What can lower your credit score?

You probably know that your FICO rating is based on several factors. Thus, a credit check is not the only thing that can affect your credit and worsen it. Pay attention to other factors that affect your credit:

  • Payment history. Please note that payment history is the most important factor in your FICO score. If you pay your debts on time, then this factor will not be affected. However, if at least one of your payments is delayed for more than 30 days, then your credit score deteriorates. Also note that the longer the payment is late, the more it will damage your account. Often times, creditors report late payments to the credit bureaus, so the credit score deteriorates.
  • Amounts owed. In calculating this factor, both total debt and loan utilization play an important role. Your credit utilization ratio shows how you are using your credit card limits.
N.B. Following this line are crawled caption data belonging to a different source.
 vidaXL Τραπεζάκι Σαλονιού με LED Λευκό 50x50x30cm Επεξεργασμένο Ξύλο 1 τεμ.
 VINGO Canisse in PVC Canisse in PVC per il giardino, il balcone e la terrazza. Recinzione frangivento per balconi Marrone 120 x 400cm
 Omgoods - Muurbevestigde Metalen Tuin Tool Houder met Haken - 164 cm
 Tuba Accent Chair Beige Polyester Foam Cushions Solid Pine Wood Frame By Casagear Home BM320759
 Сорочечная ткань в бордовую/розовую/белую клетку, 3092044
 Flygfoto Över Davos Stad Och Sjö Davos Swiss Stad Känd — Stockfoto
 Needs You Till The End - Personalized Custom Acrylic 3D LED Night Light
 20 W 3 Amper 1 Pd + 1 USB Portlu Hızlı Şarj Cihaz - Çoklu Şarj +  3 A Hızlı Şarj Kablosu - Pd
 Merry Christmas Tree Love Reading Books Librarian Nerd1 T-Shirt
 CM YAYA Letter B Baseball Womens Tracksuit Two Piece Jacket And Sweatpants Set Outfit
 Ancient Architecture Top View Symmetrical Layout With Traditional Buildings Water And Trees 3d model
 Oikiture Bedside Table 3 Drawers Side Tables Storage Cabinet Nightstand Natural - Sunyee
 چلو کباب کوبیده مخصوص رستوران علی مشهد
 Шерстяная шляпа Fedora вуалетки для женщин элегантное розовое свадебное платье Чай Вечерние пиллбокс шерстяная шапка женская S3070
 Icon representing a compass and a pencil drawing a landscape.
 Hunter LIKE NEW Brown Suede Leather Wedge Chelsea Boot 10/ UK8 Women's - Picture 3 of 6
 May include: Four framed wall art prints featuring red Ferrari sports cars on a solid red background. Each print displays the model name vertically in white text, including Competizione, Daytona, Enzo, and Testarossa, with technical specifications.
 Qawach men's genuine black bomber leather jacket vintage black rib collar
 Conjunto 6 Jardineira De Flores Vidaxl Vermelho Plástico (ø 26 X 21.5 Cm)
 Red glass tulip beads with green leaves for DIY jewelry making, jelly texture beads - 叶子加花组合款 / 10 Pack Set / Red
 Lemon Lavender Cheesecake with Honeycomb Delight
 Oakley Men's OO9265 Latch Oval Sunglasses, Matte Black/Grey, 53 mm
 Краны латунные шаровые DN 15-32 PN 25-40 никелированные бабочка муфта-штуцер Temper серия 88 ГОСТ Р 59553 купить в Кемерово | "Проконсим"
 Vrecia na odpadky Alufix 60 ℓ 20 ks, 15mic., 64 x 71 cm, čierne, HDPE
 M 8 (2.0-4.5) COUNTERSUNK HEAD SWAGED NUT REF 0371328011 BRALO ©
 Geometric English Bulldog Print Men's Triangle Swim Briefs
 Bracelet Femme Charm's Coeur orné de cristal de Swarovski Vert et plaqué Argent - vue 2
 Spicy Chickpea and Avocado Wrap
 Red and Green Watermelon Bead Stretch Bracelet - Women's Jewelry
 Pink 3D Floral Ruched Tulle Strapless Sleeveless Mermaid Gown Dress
For example, if your credit card limit is $ 5000 and your balance is $ 2500, then the utilization rate is 50%. Please note that if your limit exceeds 30%, it may worsen your credit. Thus, the lower your credit utilization rate, the better.
  • Length of credit history. The longer your credit history, the better for your credit rating. It is also important to consider such a factor as the average age of accounts. Thus, if you have been using credit for many years but have now opened several new accounts, then the overall age will decrease and your credit score will also suffer.
  • Credit mix. The more types of credit you use, the better for your credit history. It can be a credit card, car loan, mortgage, personal loan, and more - variety is only welcome.
  • New credit. When you apply for a new loan, it can also negatively affect your credit score (depending on the type of loan you are taking). Most lenders ask for a hard credit check, which can lower your credit by up to 5 points. What's more, if you've had a few hard credit checks lately, it will be even worse for your account.

Thus, as you can see, there are a huge number of factors affecting your credit, so it is impossible to say for sure what exactly worsened it. Moreover, it is worth considering each factor separately, since credit check is far from the only point to which you need to pay attention to.

How often can you check your credit?

You should know that you can check your credit score as often as needed. When you check your credit yourself, it is considered a soft credit check and is not reflected in your credit report. It is recommended that you regularly check your credit before applying for any loan.

By checking it before applying for a loan, you can be sure that there will be no difficulties with the approval of your application. Moreover, it is important to check your credit report at least once a year, as this information is used to calculate your credit rating. It is also important to check your credit report for errors. If you notice inaccurate information in the report, it is worth reporting this to the credit bureaus.

You can get a free copy of your credit report from each credit bureau every 12 months.

Why does checking your credit score lower it?

As already mentioned, if you check your credit score yourself, it does not worsen it, as it is considered a soft credit check. Therefore, if you need to, you can check your credit without fear that it will worsen your credit score.

However, your credit score may deteriorate if it is checked by another person. For example, if you applied for a credit card or loan, the lender will most likely ask for a credit check to see if you can repay the loan on time. The more hard credit checks are done in a short time, the worse for your credit.